# THE PROBLEM
Please repeat each line from the one holding "Nike shoes - Nike" through the final line of the data, exactly as it stands, with no pictures.

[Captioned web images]

::::::

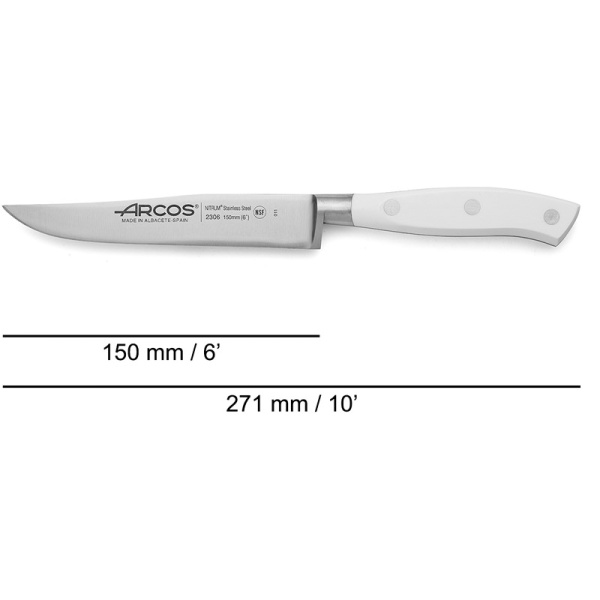 Фото Нож кухонный 15см RIVIERA BLANC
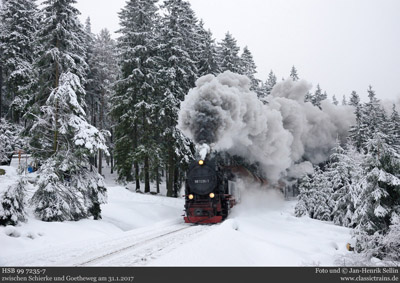 5 Tage Winterdampf im Harz und Rollwagenverkehr zum Brocken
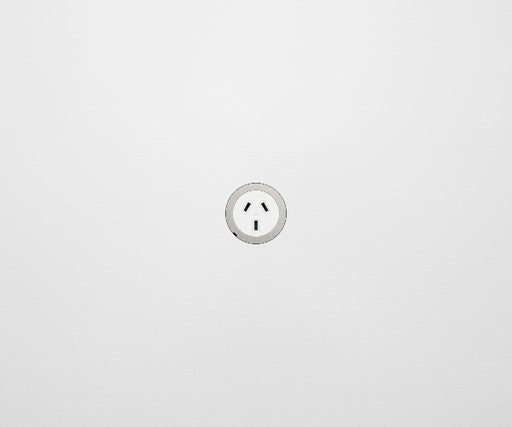 ZETR 48 Carbon White Single Powerpoint Cover Plate Steel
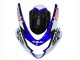 Lojas Carenagem Moto Suzuki GSXR 600 / GSXR 750 2004-2005 - Branco Azul Preto Corona Motul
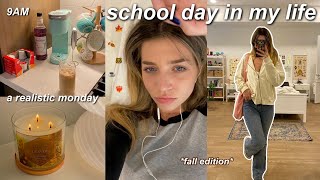 SCHOOL DAY IN MY LIFE fall edition  school vlog studying fall weather [upl. by Etnelav183]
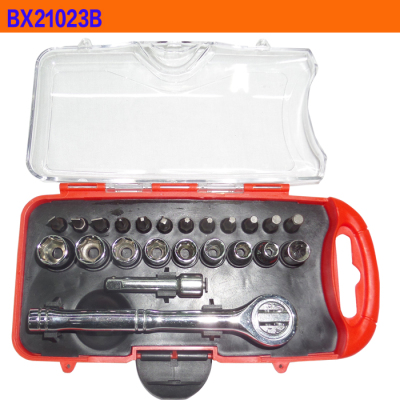 hardwares tools,23 piece Socket & Bit Tool Set  BX21023B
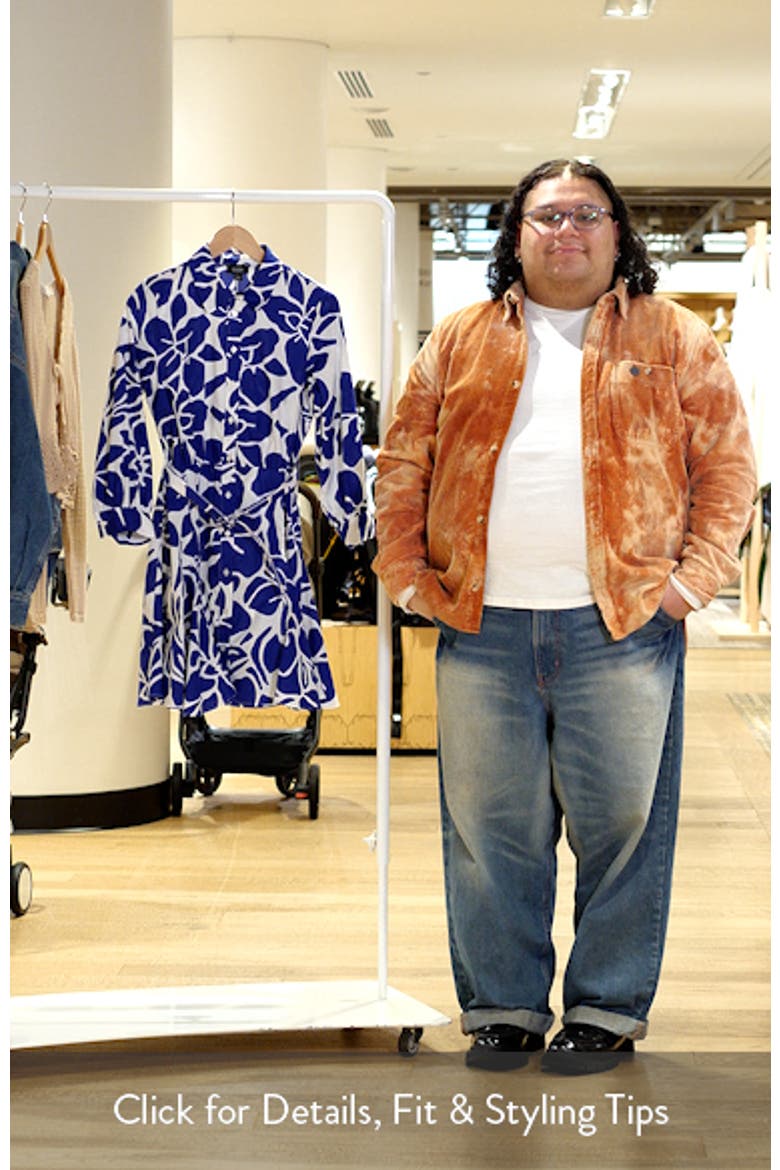 Belted Long Sleeve Cotton Shirtdress video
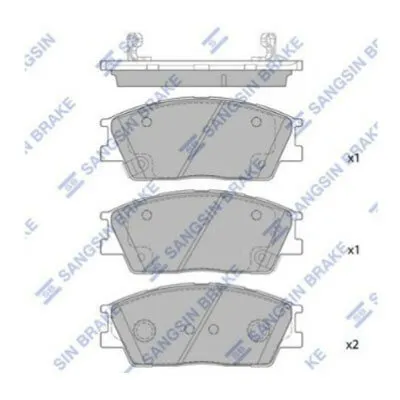 Фото №0 Sangsin Brake Колодки тормозные передние Soul 19 ор 58101K0A50 Sangsin Brake SP4372
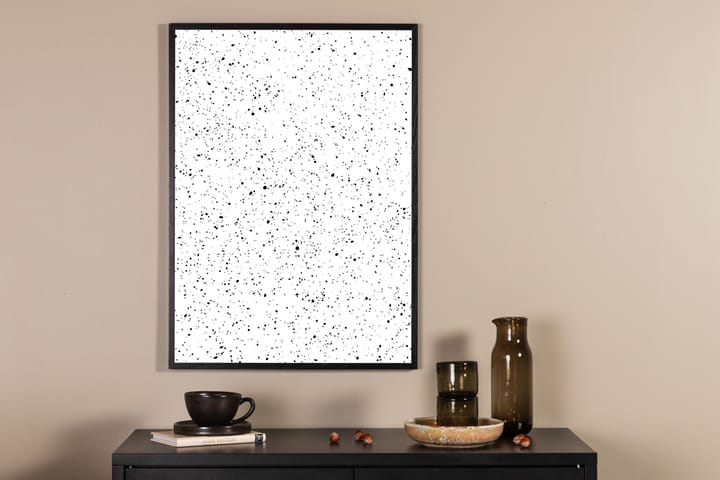 Juliste - Dots - 21x30 - Valkoinen - Sisustustuotteet - Taulu & taide - Juliste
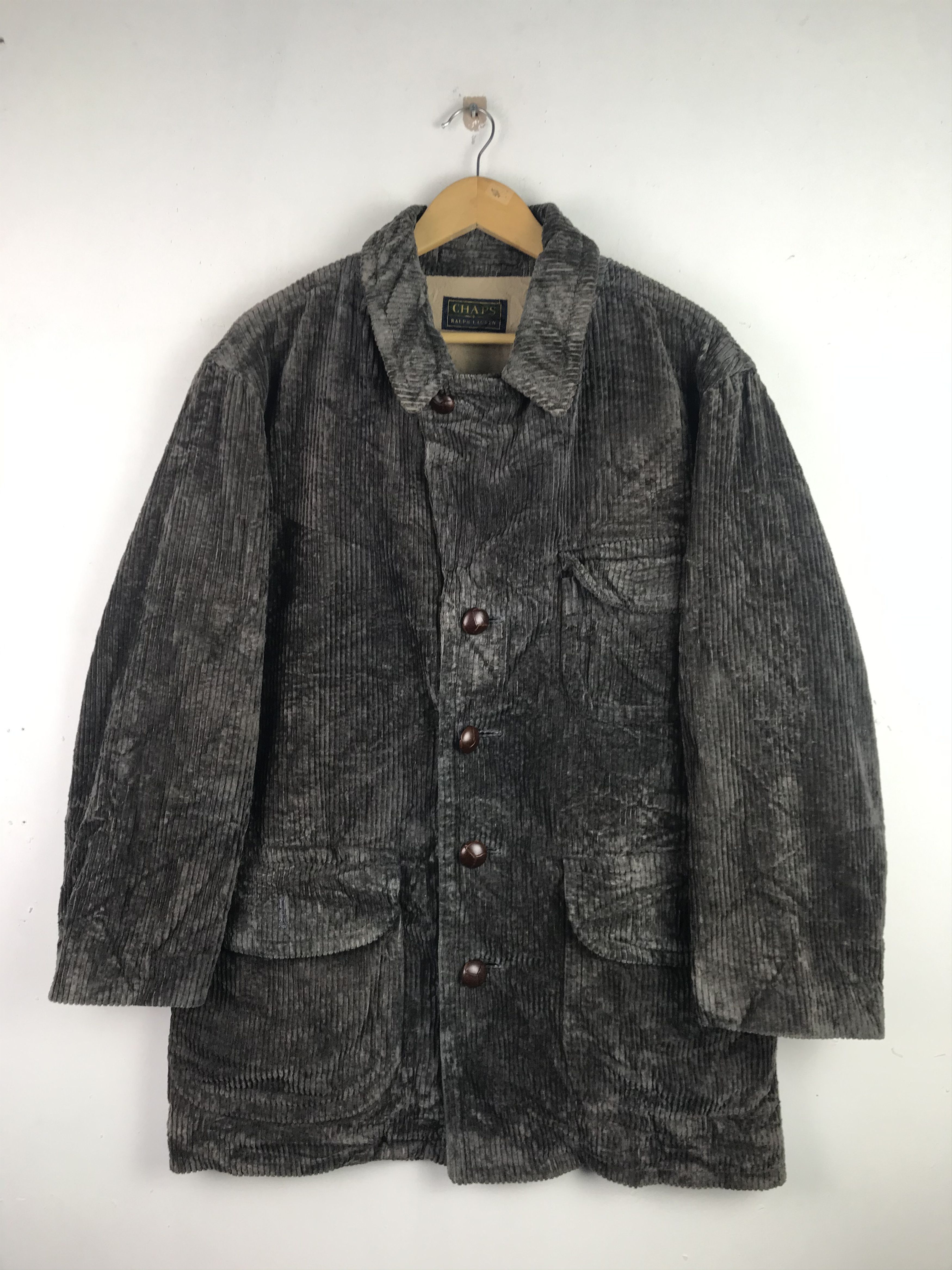 image of Chaps Ralph Lauren Vintage Chaps Polo Ralph Laurent Corduroy Jacket, Men's (Size XL)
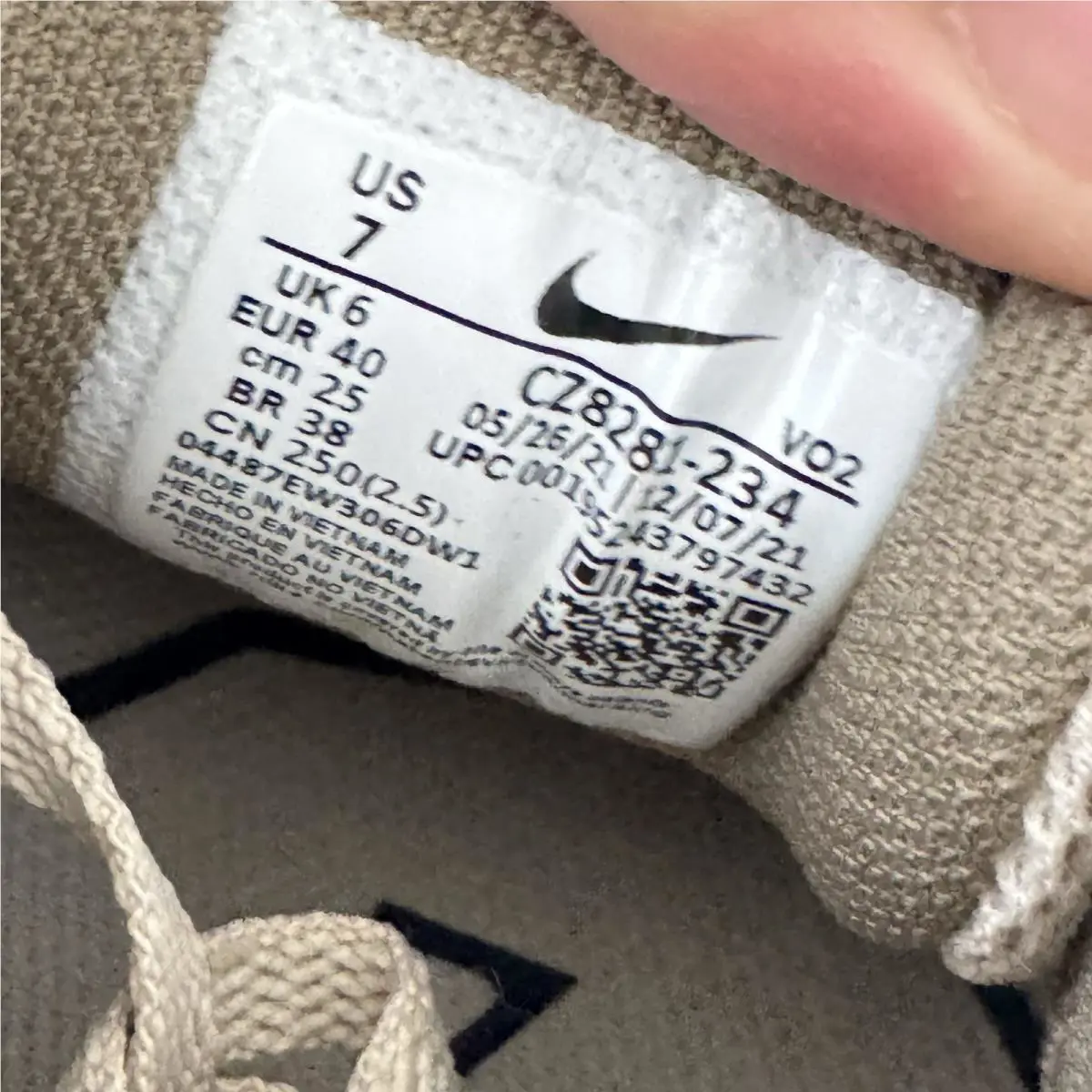 Nike shoes - Nike Metcon 7 - Metcon - CZ8281-234 - Brown, Manufacturer: Rattan/Sandalwood/Sail/Thunder Blue 6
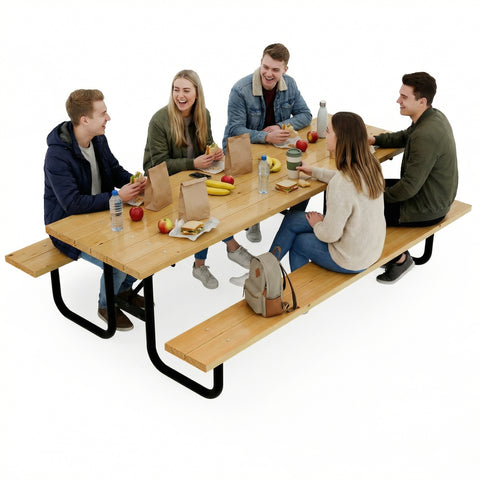 Wood Picnic Table - Rectangle - 8ft - Radiata Pine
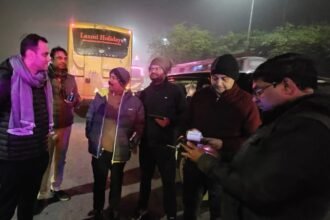 Yamuna Expressway: Transport Department fines 50 buses and seizes 42 vehicles IMAGE CREDIT TO AUTHORITY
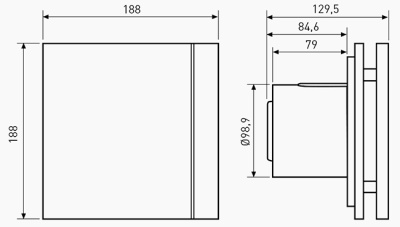 Фото Вентилятор SILENT-100 CHZ DESIGN - 3C в интернет-магазине kupiluki.by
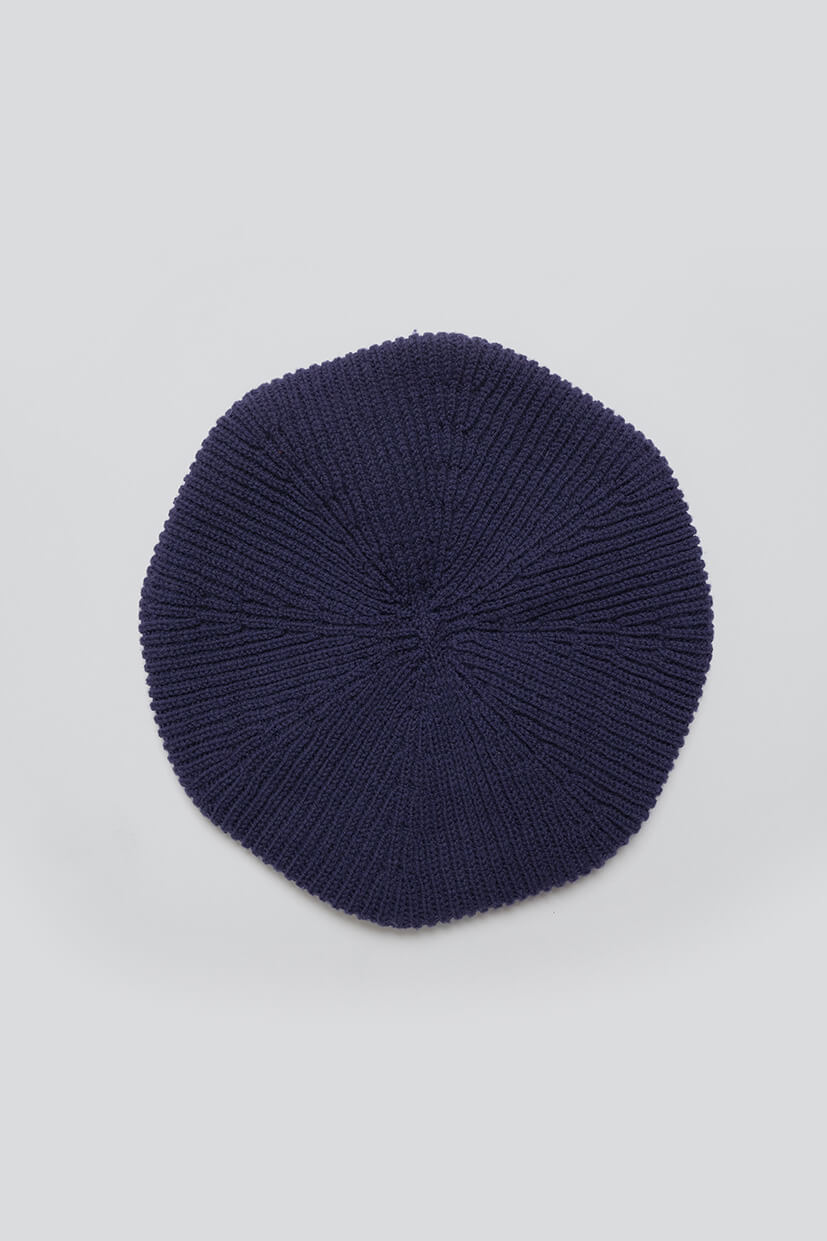 béret en laine mérinos bleu marine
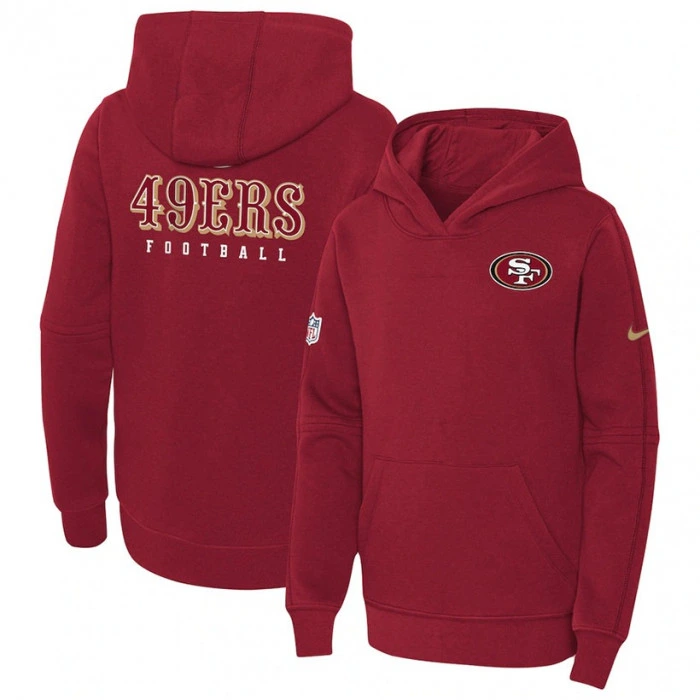 San Francisco 49ers Nike Club Sideline Fleece Pullover Kapuzenpullover Hoody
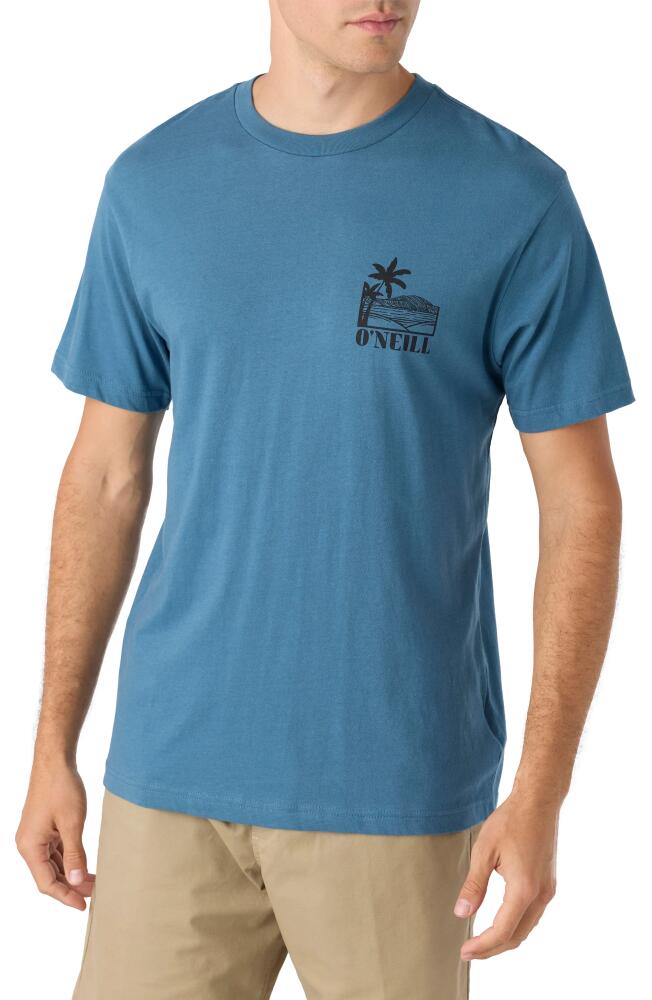 O'Neill Sun Waves Cotton Graphic T-Shirt in Real Teal Cover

::::::

# PROBLEM SOLUTION
 Nike shoes - Nike Metcon 7 - Metcon - CZ8281-234 - Brown, Manufacturer: Rattan/Sandalwood/Sail/Thunder Blue 6
 Wood Picnic Table - Rectangle - 8ft - Radiata Pine
 Yamuna Expressway: Transport Department fines 50 buses and seizes 42 vehicles IMAGE CREDIT TO AUTHORITY
 Фото Вентилятор SILENT-100 CHZ DESIGN - 3C в интернет-магазине kupiluki.by
 béret en laine mérinos bleu marine
 San Francisco 49ers Nike Club Sideline Fleece Pullover Kapuzenpullover Hoody
 O'Neill Sun Waves Cotton Graphic T-Shirt in Real Teal Cover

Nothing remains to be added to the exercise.